» **TASK OBJECTIVE**
Would you quote the material below from its first line through the line containing "юбилей двух замечательных коллег!", exactly and with both ends included?

INPUT Start Marker

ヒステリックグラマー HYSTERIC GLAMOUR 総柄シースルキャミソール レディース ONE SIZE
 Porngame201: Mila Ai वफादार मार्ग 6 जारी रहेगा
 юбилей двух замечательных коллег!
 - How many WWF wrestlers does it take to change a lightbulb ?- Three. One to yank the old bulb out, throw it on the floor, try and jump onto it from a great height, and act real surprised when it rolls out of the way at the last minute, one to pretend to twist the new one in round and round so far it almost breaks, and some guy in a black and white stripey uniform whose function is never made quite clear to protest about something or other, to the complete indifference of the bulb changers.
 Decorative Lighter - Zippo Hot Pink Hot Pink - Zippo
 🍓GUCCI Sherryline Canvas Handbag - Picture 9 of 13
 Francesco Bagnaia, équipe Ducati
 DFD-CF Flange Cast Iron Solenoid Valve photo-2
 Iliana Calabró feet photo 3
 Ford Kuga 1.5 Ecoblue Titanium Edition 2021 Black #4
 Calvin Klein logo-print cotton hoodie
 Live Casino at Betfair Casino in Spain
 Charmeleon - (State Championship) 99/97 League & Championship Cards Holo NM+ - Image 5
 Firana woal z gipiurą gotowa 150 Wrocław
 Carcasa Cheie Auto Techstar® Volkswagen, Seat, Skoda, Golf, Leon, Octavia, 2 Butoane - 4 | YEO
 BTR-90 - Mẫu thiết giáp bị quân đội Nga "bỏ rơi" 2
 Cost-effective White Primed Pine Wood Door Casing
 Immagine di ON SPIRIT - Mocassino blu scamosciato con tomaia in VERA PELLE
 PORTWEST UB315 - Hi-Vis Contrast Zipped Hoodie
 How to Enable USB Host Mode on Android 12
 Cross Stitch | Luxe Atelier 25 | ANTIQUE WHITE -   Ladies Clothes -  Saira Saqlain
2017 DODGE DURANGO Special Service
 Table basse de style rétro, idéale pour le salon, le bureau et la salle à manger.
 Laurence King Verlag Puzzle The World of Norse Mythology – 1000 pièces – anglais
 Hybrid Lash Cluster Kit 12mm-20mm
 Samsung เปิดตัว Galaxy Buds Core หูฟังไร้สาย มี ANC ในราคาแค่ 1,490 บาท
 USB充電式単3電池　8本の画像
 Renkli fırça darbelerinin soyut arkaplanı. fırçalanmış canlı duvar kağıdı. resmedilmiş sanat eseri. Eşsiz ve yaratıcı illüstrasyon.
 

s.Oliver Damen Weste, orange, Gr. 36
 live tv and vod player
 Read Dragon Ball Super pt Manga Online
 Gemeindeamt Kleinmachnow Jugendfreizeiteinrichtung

INPUT End Marker

» **OUTPUT FOR THIS TASK**
ヒステリックグラマー HYSTERIC GLAMOUR 総柄シースルキャミソール レディース ONE SIZE
 Porngame201: Mila Ai वफादार मार्ग 6 जारी रहेगा
 юбилей двух замечательных коллег!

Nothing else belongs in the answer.